[Requirement] Would you repeat the listing exactly, without any of its images?

[Dataset section]
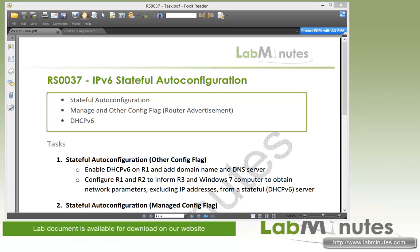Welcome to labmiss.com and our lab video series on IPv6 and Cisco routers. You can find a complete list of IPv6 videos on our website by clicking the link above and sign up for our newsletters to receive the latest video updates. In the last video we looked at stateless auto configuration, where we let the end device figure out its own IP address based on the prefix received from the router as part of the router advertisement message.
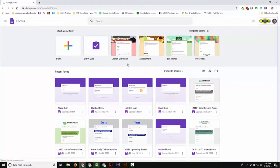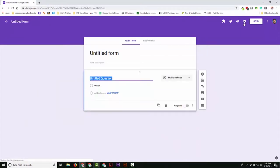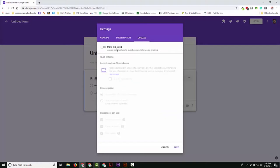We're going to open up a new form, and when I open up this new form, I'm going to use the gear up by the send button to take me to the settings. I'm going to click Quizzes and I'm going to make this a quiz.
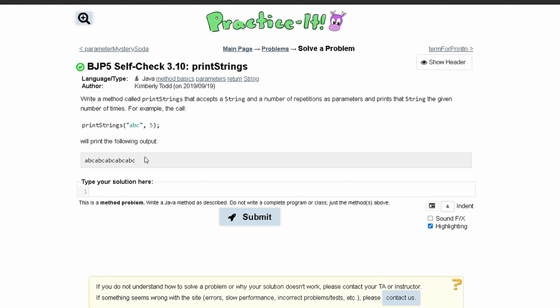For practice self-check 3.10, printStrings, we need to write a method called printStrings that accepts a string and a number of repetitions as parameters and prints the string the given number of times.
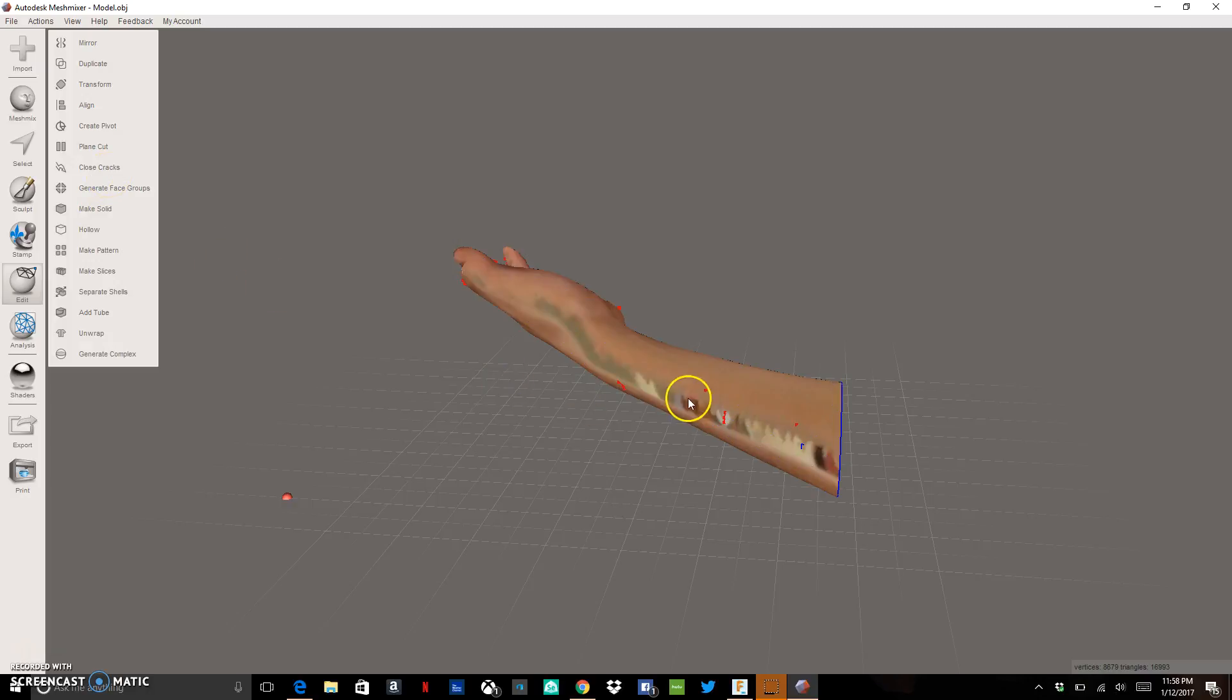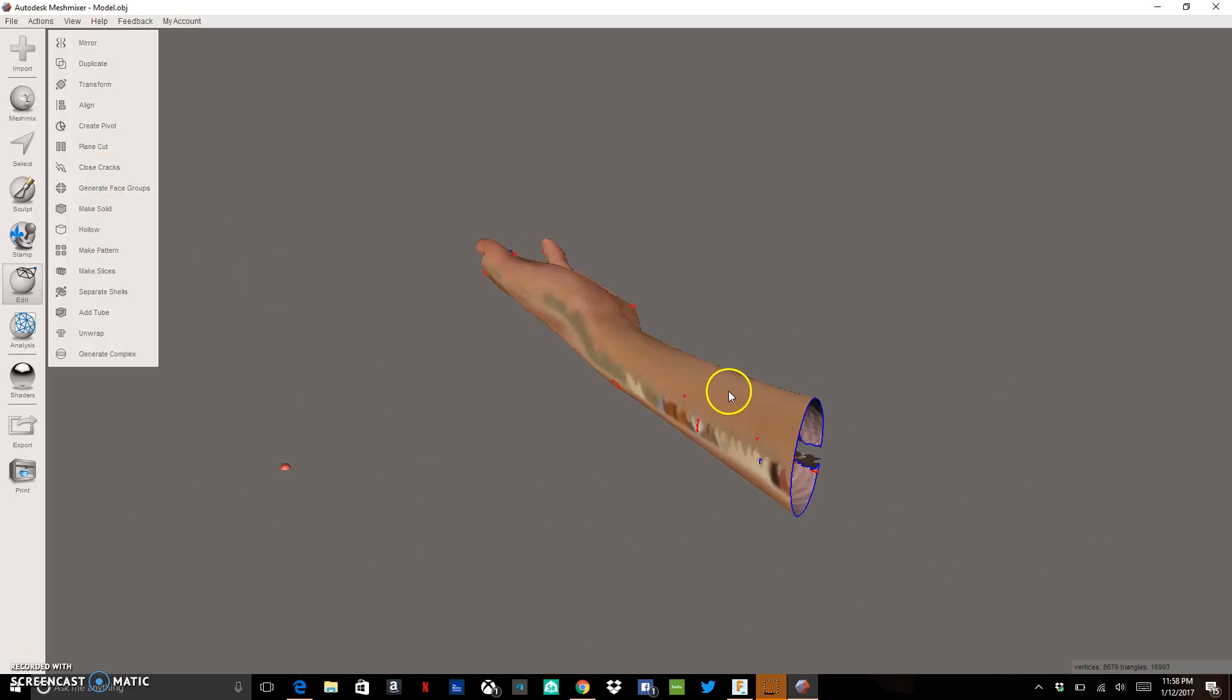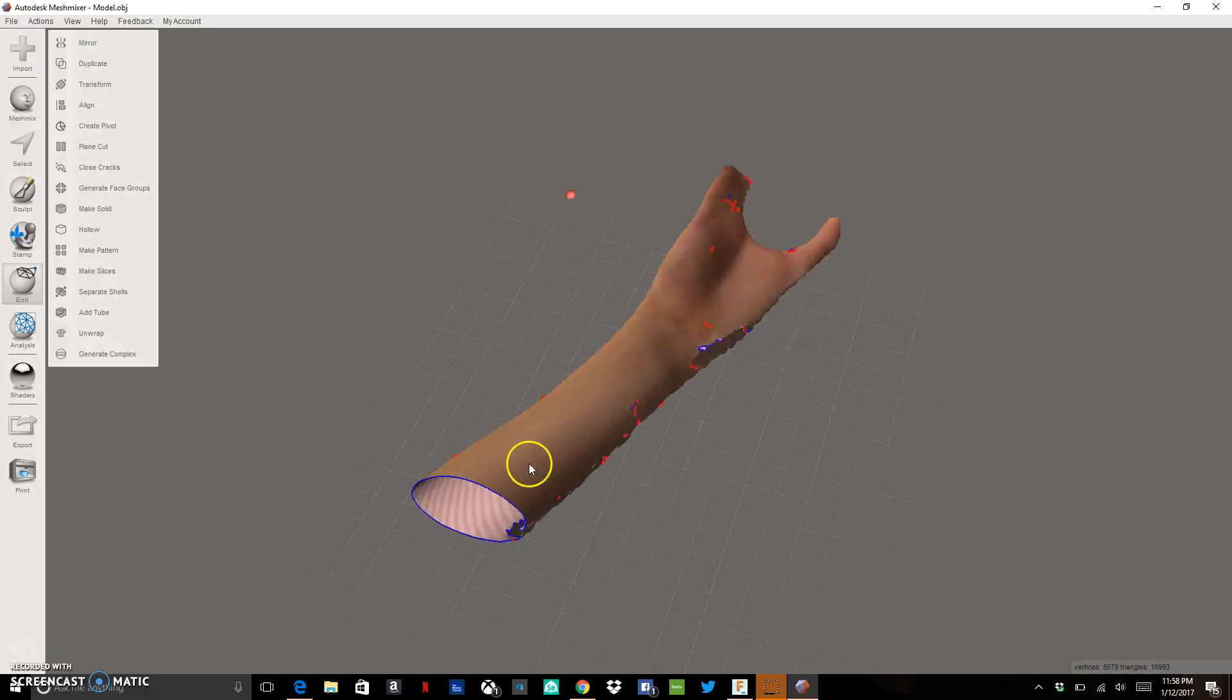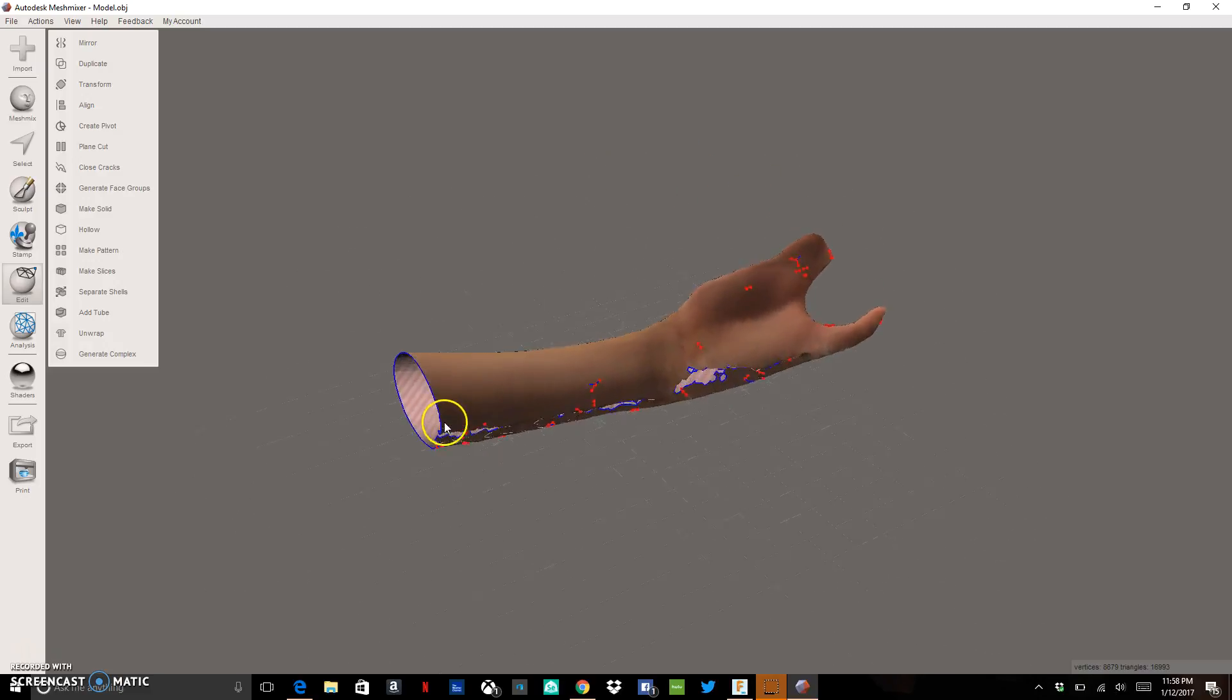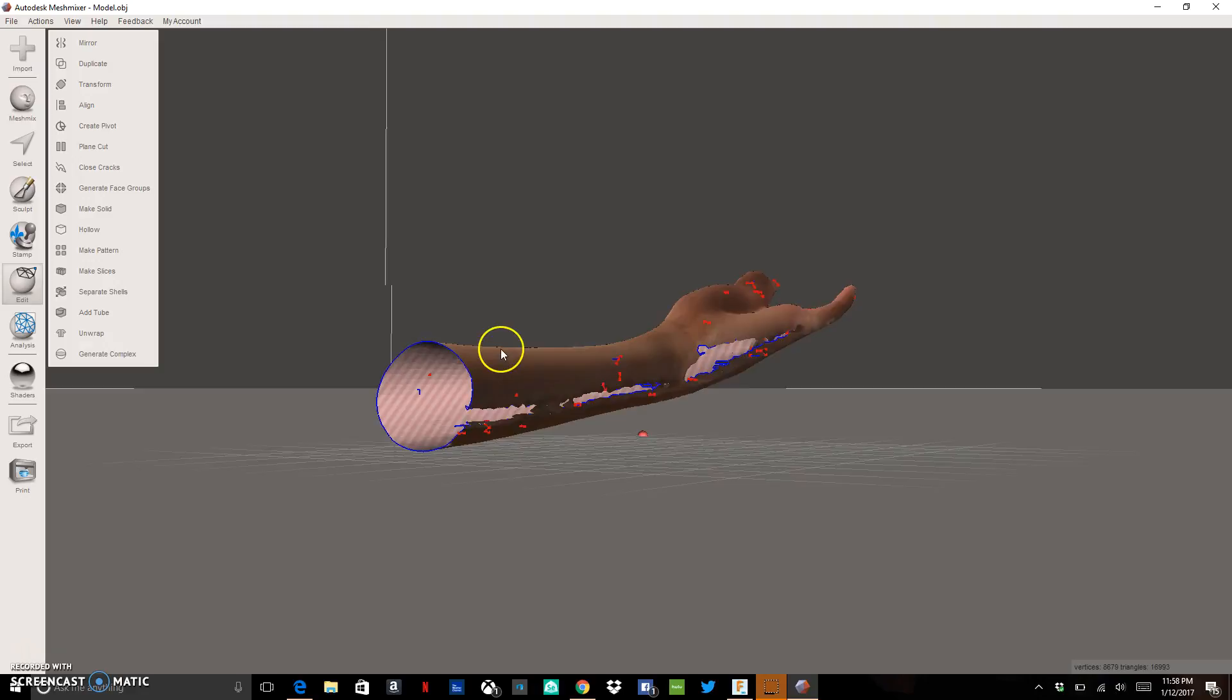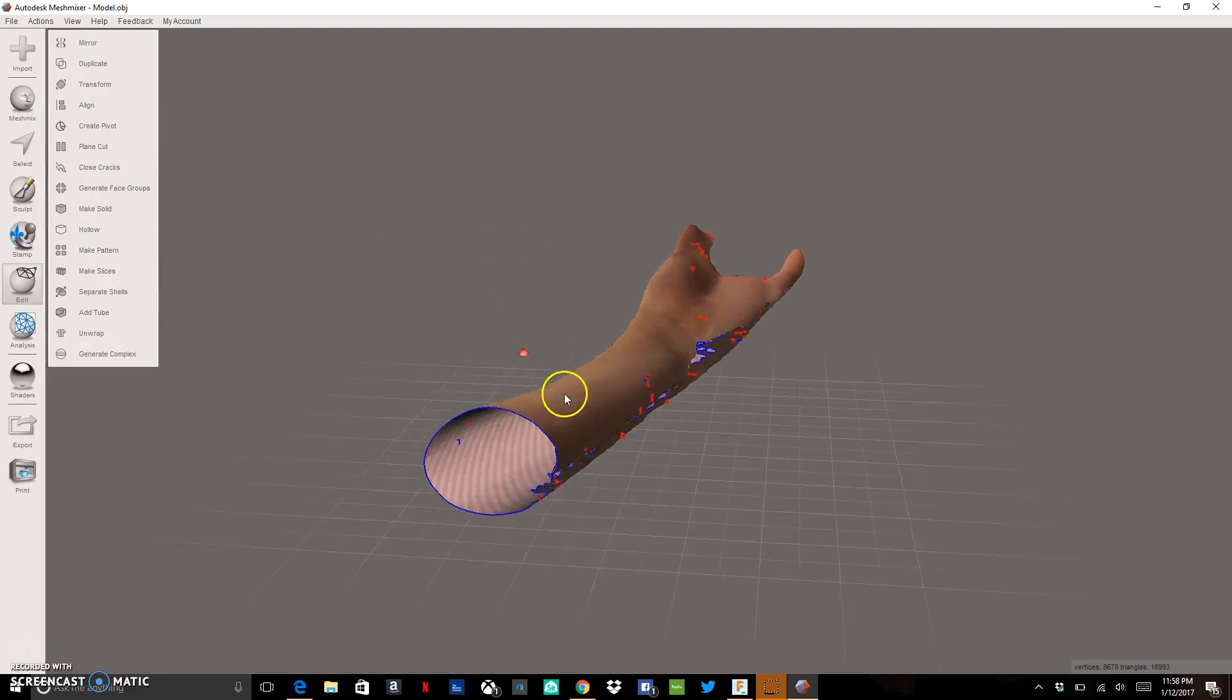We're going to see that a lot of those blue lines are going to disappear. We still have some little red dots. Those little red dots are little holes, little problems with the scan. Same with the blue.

[Result for this exercise]
Welcome to labmiss.com and our lab video series on IPv6 and Cisco routers. You can find a complete list of IPv6 videos on our website by clicking the link above and sign up for our newsletters to receive the latest video updates. In the last video we looked at stateless auto configuration, where we let the end device figure out its own IP address based on the prefix received from the router as part of the router advertisement message.
We're going to open up a new form, and when I open up this new form, I'm going to use the gear up by the send button to take me to the settings. I'm going to click Quizzes and I'm going to make this a quiz.
For practice self-check 3.10, printStrings, we need to write a method called printStrings that accepts a string and a number of repetitions as parameters and prints the string the given number of times.
We're going to see that a lot of those blue lines are going to disappear. We still have some little red dots. Those little red dots are little holes, little problems with the scan. Same with the blue.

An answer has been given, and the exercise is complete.